TASK TO CARRY OUT: Apart from the images, every record here needs to be copied exactly.

Records from a data collection
---
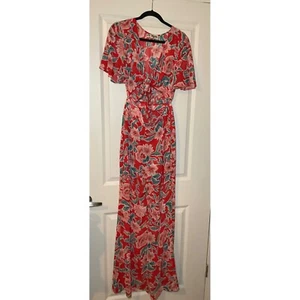 Show Me Your Mumu Floral Maxi Dress Tie Front Red Pink Green Medium - Picture 1 of 11
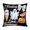 C006- Style F, variant on Fall and Halloween Decor, Halloween Pillow Cover, Pumpkin Home Decor, Decorative Pillow, Double-Printed 18X18 Inch Black Linen Pillow Case with Holographic Bows, Classic Jack O'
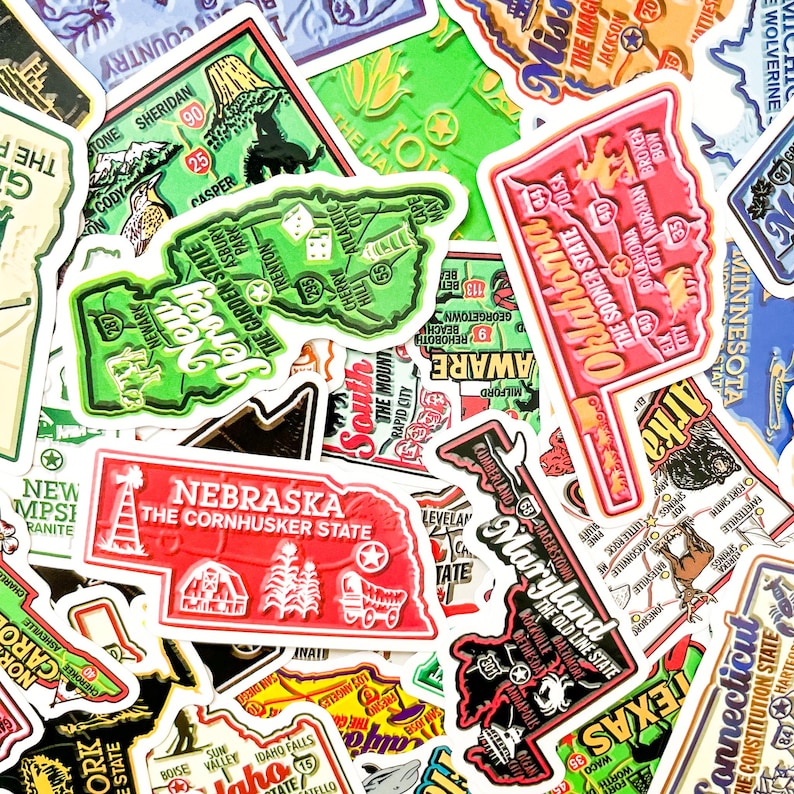 Hb State Sticker 50PCS Colorful Local State Map Stickers, Regional Icon Stickers ...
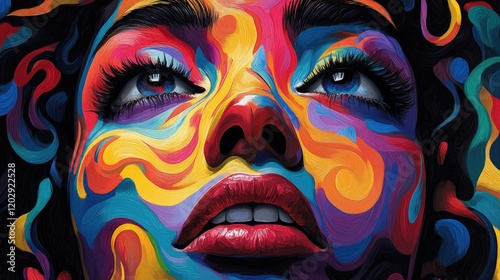 Vibrant, colorful portrait, abstract face, impasto style.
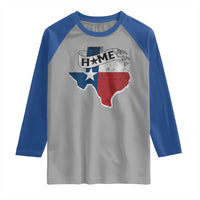 Texas Home State Map Distressed Flag Raglan Shirt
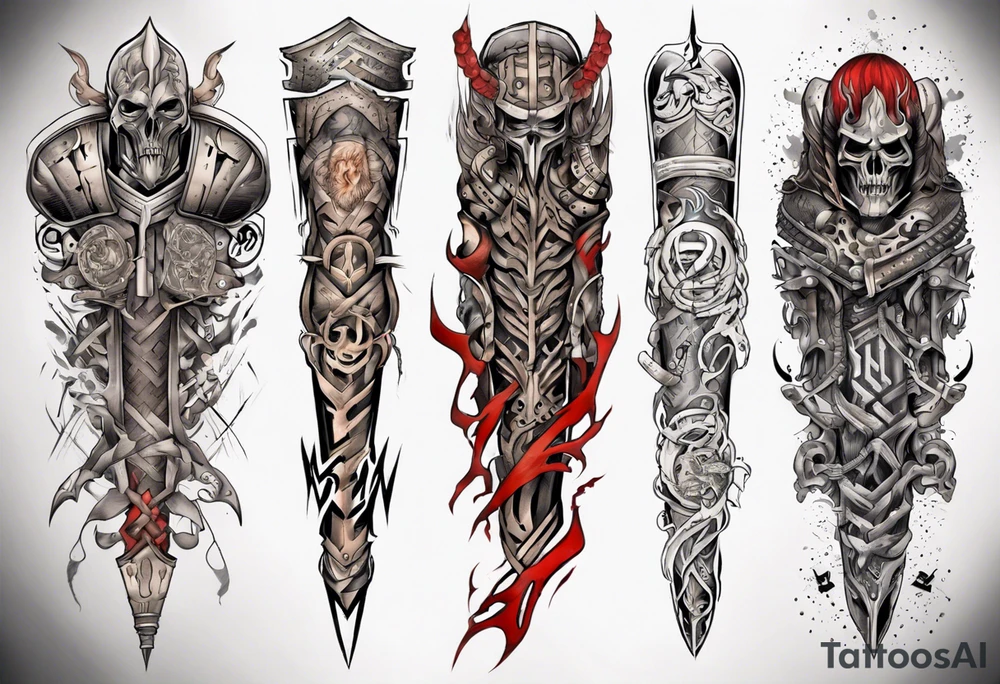 warrior sleeve with heathen writing tattoo idea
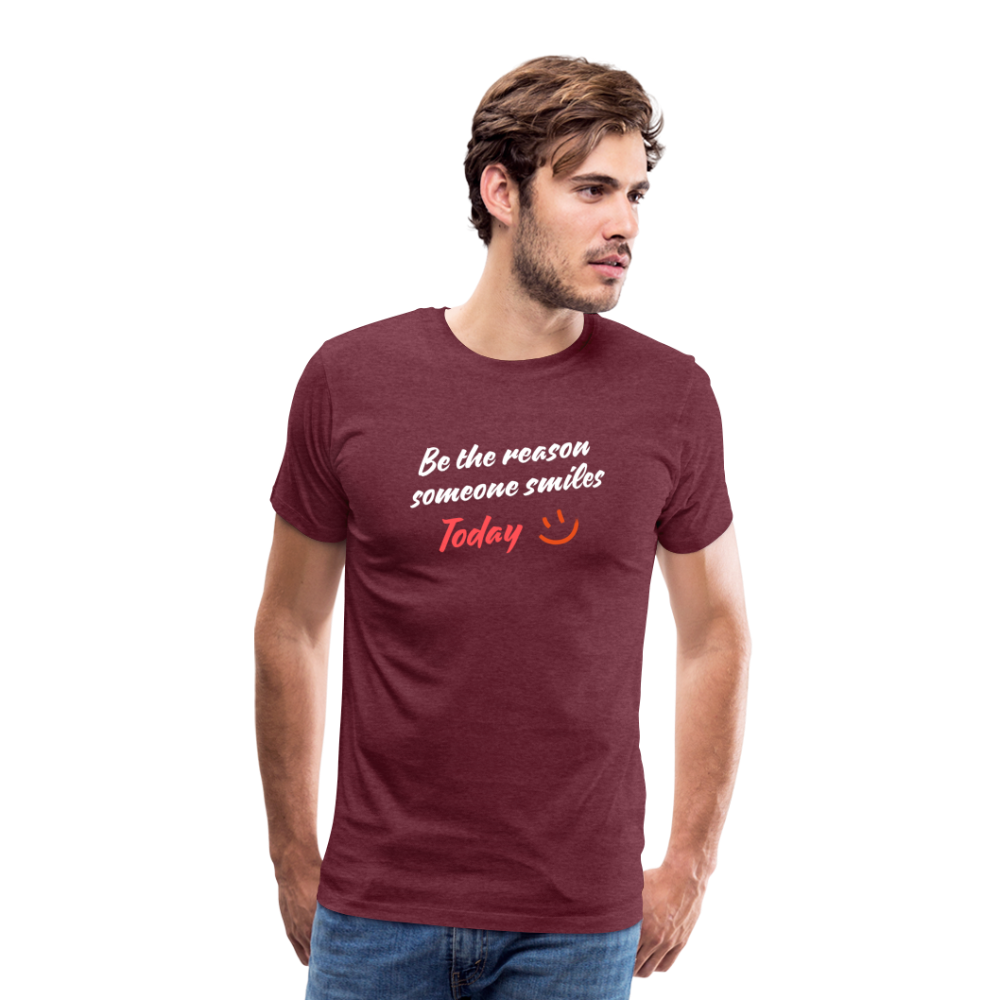 Maglietta Premium Be The Reason scura da uomo - rosso bordeaux melange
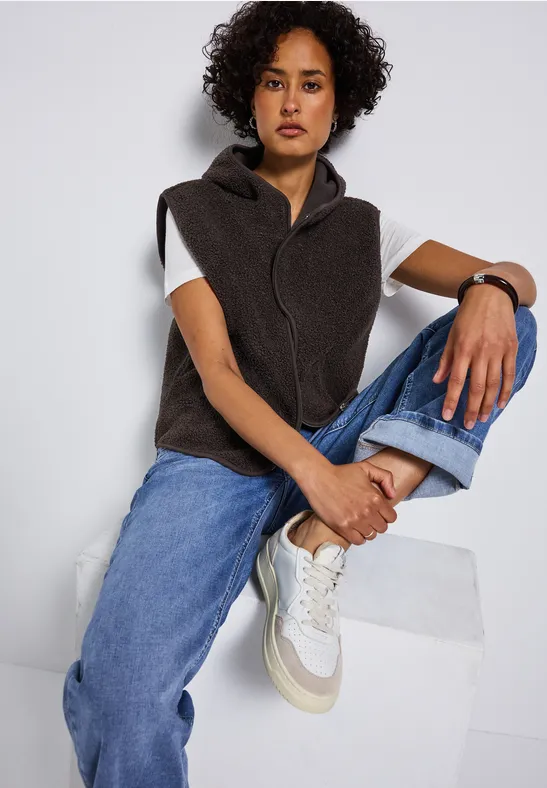Street One Damen Teddy-Weste Mit Kapuze - Weich & Lässig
---
EXERCISE RESPONSE:
 Show Me Your Mumu Floral Maxi Dress Tie Front Red Pink Green Medium - Picture 1 of 11
 C006- Style F, variant on Fall and Halloween Decor, Halloween Pillow Cover, Pumpkin Home Decor, Decorative Pillow, Double-Printed 18X18 Inch Black Linen Pillow Case with Holographic Bows, Classic Jack O'
 Hb State Sticker 50PCS Colorful Local State Map Stickers, Regional Icon Stickers ...
 Vibrant, colorful portrait, abstract face, impasto style.
 Texas Home State Map Distressed Flag Raglan Shirt
 warrior sleeve with heathen writing tattoo idea
 Maglietta Premium Be The Reason scura da uomo - rosso bordeaux melange
Street One Damen Teddy-Weste Mit Kapuze - Weich & Lässig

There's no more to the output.